**WORK ITEM:** Give back the whole listing exactly as written, leaving out each picture.

**RECORDS PROVIDED:**
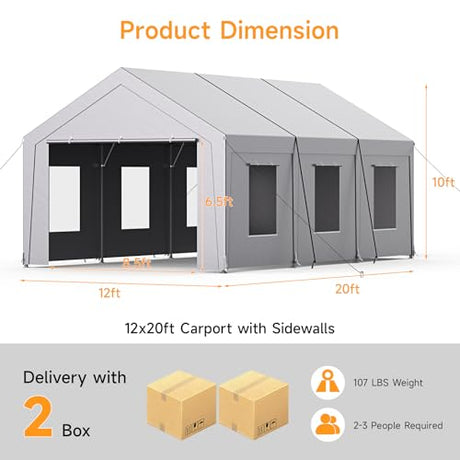 Carport 12x20 ft Heavy Duty, Car Port with Reinforced Steel Frame and 6 Roll-up Windows, Portable Garage with Removable Sidewalls, Water-Proof All-Season Car Canopy for Boat, Truck, Light Grey ONBRILL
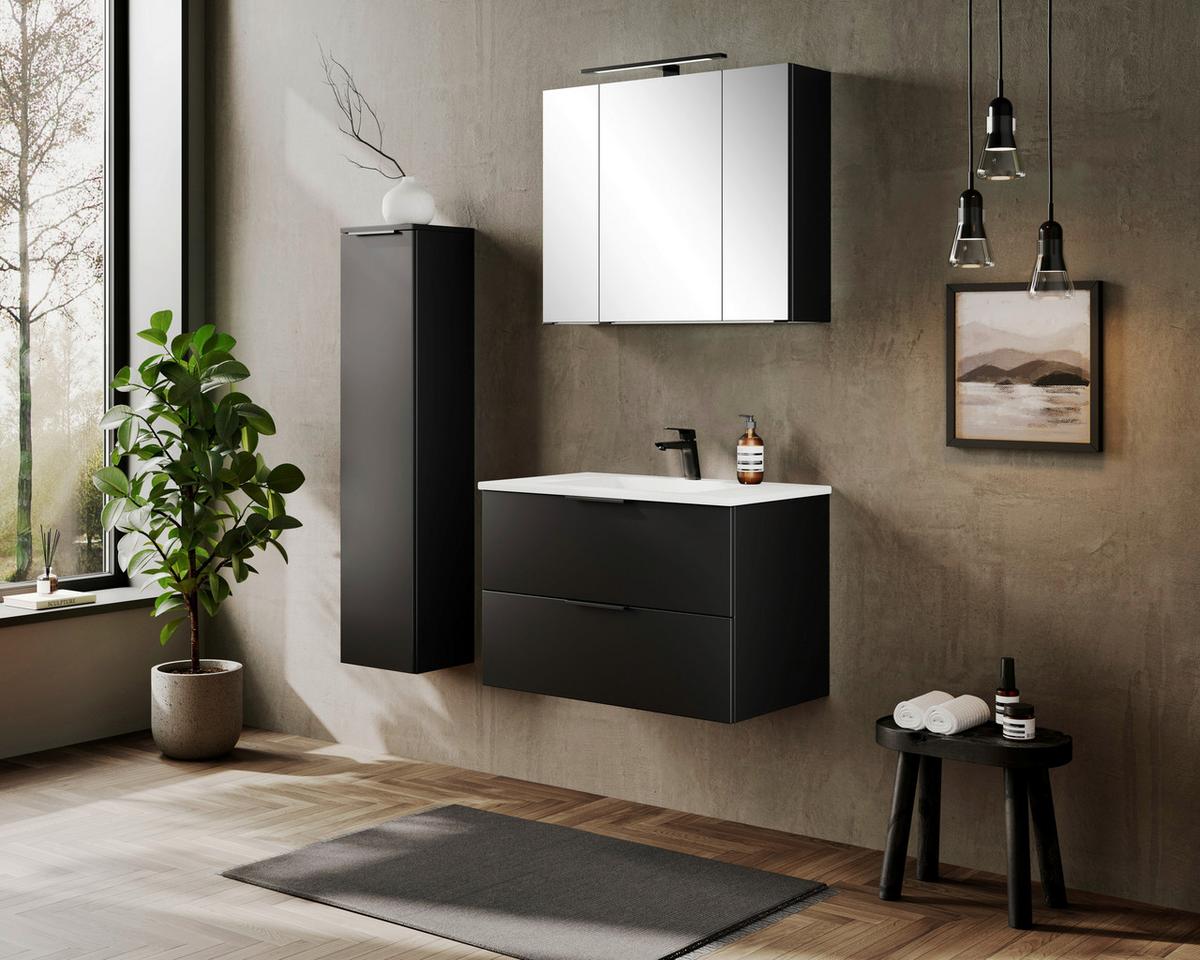 Midischrank Sevilla Schwarz, B: 30 cm - Schwarz, MODERN, Holzwerkstoff (30/130/35cm) - Held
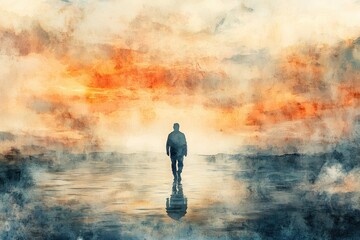 Obraz premium Solitary Figure in Dreamy Watercolor Landscape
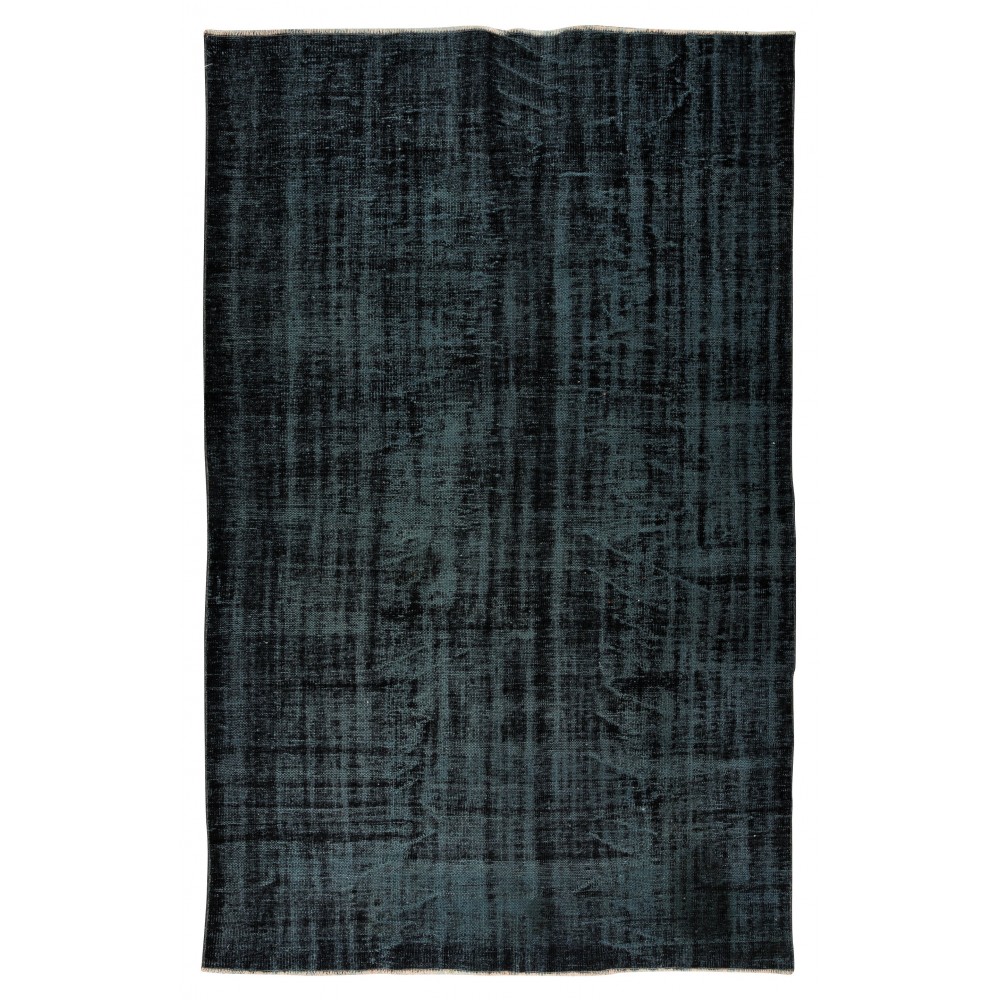 Vintage Handmade Turkish Wool Rug Over-Dyed in Black for Modern Interiors
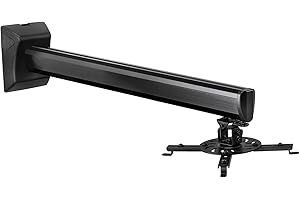 Mount-It! Projector Wall Mount for Short Throw and Standard Projectors Universal Stand Fits Epson Optoma Benq Viewsonic Proje
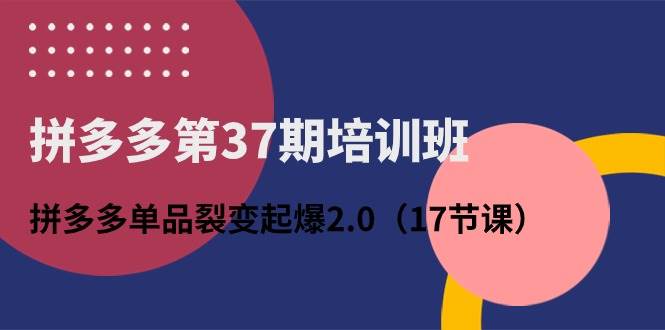 拼多多第37期培训班：拼多多单品裂变起爆2.0（17节课）-春生副业网 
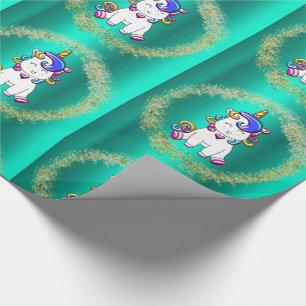 Papier Cadeau Parties scintillant colorée Unicornes Turquoise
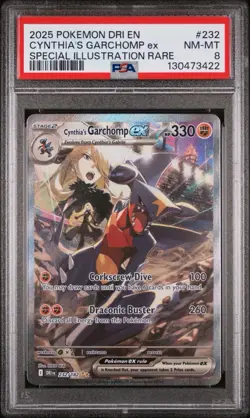 🔥 2025 POKEMON DRI EN-DESTINED RIVALS #232 CYNTHIA'S GARCHOMP EX PSA 8 🔥 - Image 1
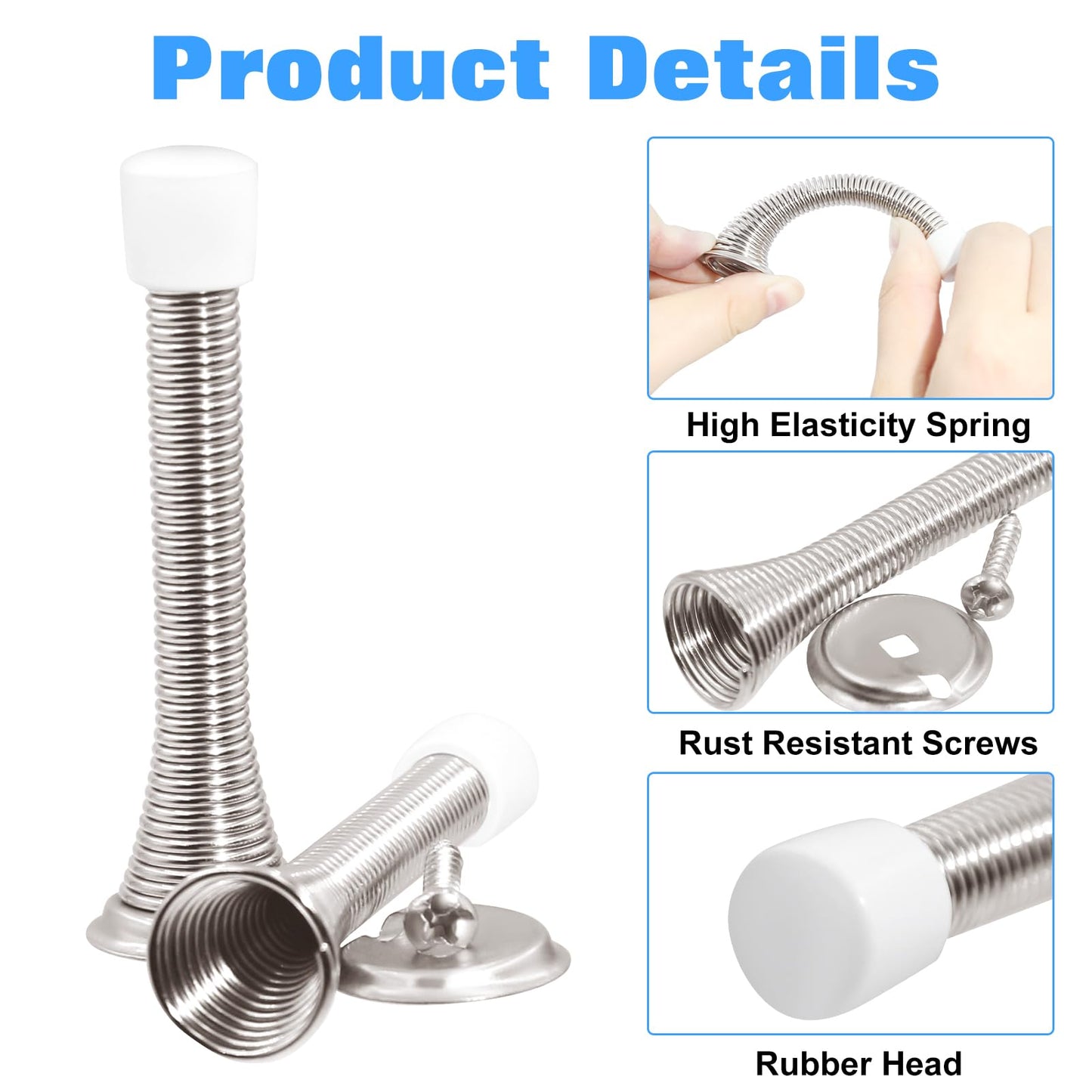 6 Pack Spring Door Stopper 3.2 Inch Flexible Heavy Duty Spring Door Stop with RustProof Screw Rubber Bumper Tips, Wall Protector for Home, Office, Kids Room – Easy Install, Satin Nickel Finish
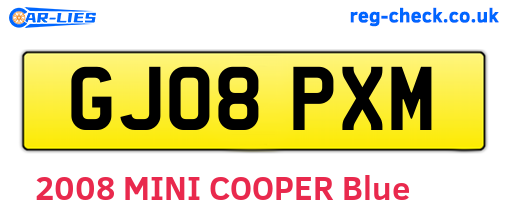 GJ08PXM are the vehicle registration plates.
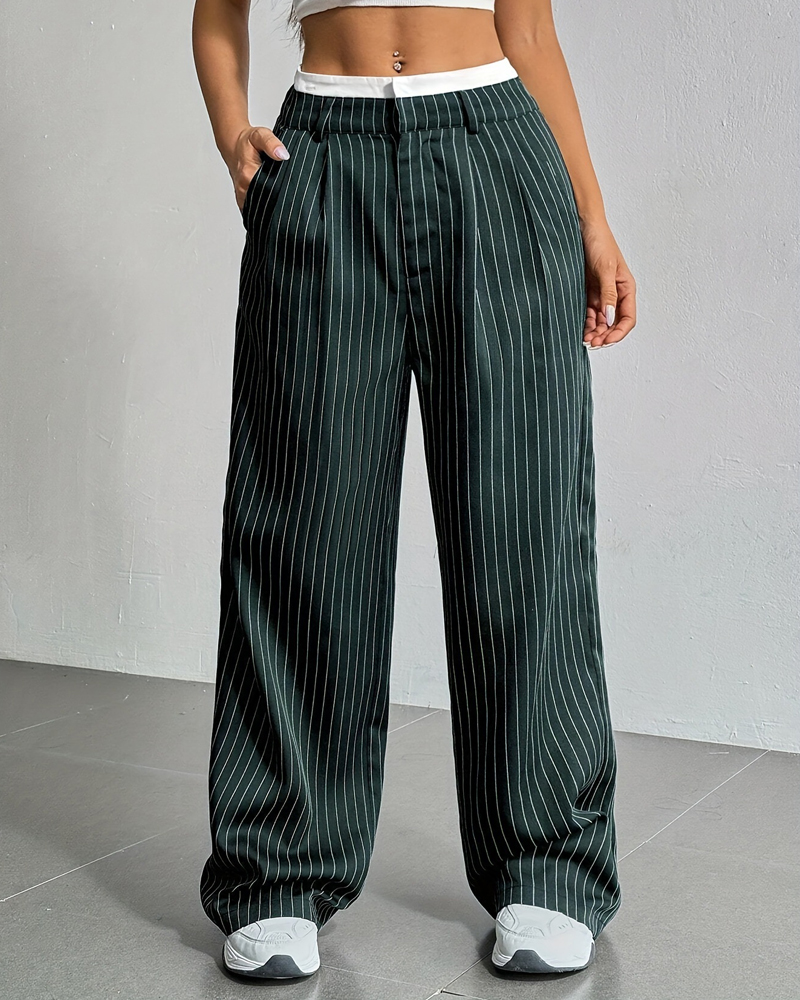Simple Drape Loose Straight Pants-Curvy-Faja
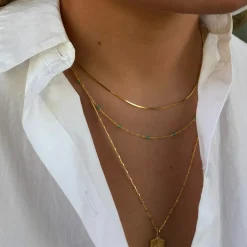 Halsband Santa Monica 42cm Grön Guld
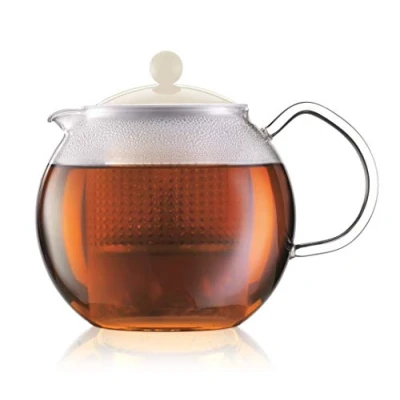 Immagine di Bodum Teiera con Filtro in Vetro borosilicato, Manico e Coperchio plastica colorato, 1 litro Bianco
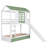 Twin Over Twin Size House Bunk Bed With Convertible Slide And Trundle, White+Green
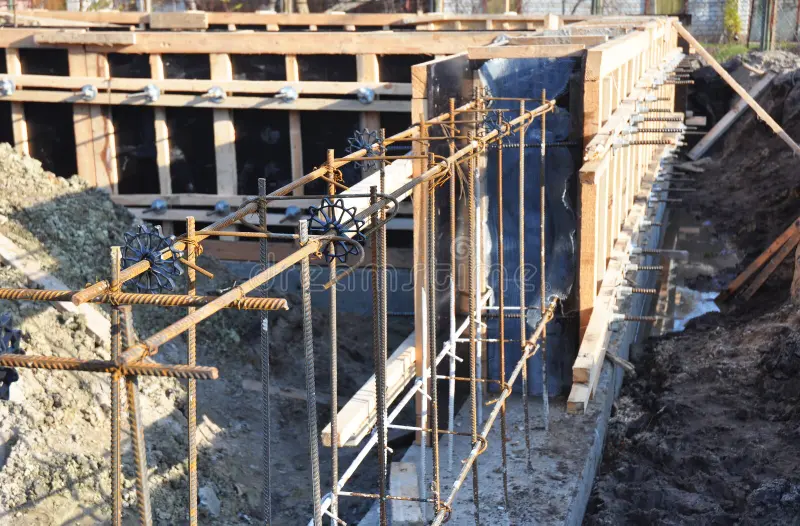 reinforcement strip house wall foundation house foundation construction reinforcement strip house wall foundation house 157720609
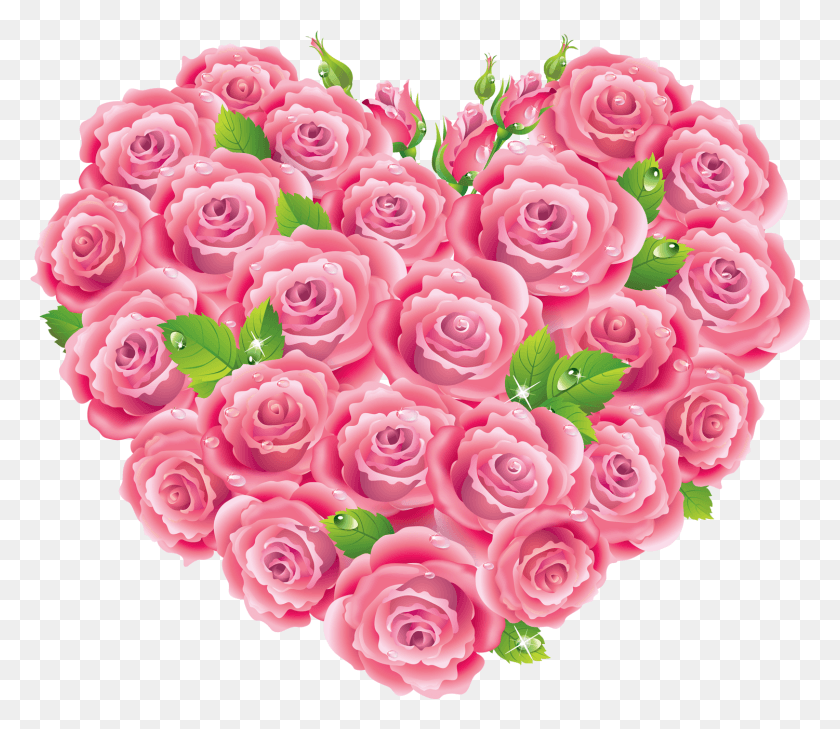 1501x1289 Розовые Розы Сердце Клипарт, Растение, Роза, Цветок Hd Png Скачать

**PROBLEM SOLUTION:**
 Carport 12x20 ft Heavy Duty, Car Port with Reinforced Steel Frame and 6 Roll-up Windows, Portable Garage with Removable Sidewalls, Water-Proof All-Season Car Canopy for Boat, Truck, Light Grey ONBRILL
 Midischrank Sevilla Schwarz, B: 30 cm - Schwarz, MODERN, Holzwerkstoff (30/130/35cm) - Held
 Obraz premium Solitary Figure in Dreamy Watercolor Landscape
 Vintage Handmade Turkish Wool Rug Over-Dyed in Black for Modern Interiors
 Mount-It! Projector Wall Mount for Short Throw and Standard Projectors Universal Stand Fits Epson Optoma Benq Viewsonic Proje
 拼多多第37期培训班：拼多多单品裂变起爆2.0（17节课）-春生副业网 
 Papier Cadeau Parties scintillant colorée Unicornes Turquoise
 🔥 2025 POKEMON DRI EN-DESTINED RIVALS #232 CYNTHIA'S GARCHOMP EX PSA 8 🔥 - Image 1
 6 Pack Spring Door Stopper 3.2 Inch Flexible Heavy Duty Spring Door Stop with RustProof Screw Rubber Bumper Tips, Wall Protector for Home, Office, Kids Room – Easy Install, Satin Nickel Finish
 GJ08PXM are the vehicle registration plates.
Simple Drape Loose Straight Pants-Curvy-Faja
 Halsband Santa Monica 42cm Grön Guld
 Immagine di Bodum Teiera con Filtro in Vetro borosilicato, Manico e Coperchio plastica colorato, 1 litro Bianco
 Twin Over Twin Size House Bunk Bed With Convertible Slide And Trundle, White+Green
 reinforcement strip house wall foundation house foundation construction reinforcement strip house wall foundation house 157720609
 1501x1289 Розовые Розы Сердце Клипарт, Растение, Роза, Цветок Hd Png Скачать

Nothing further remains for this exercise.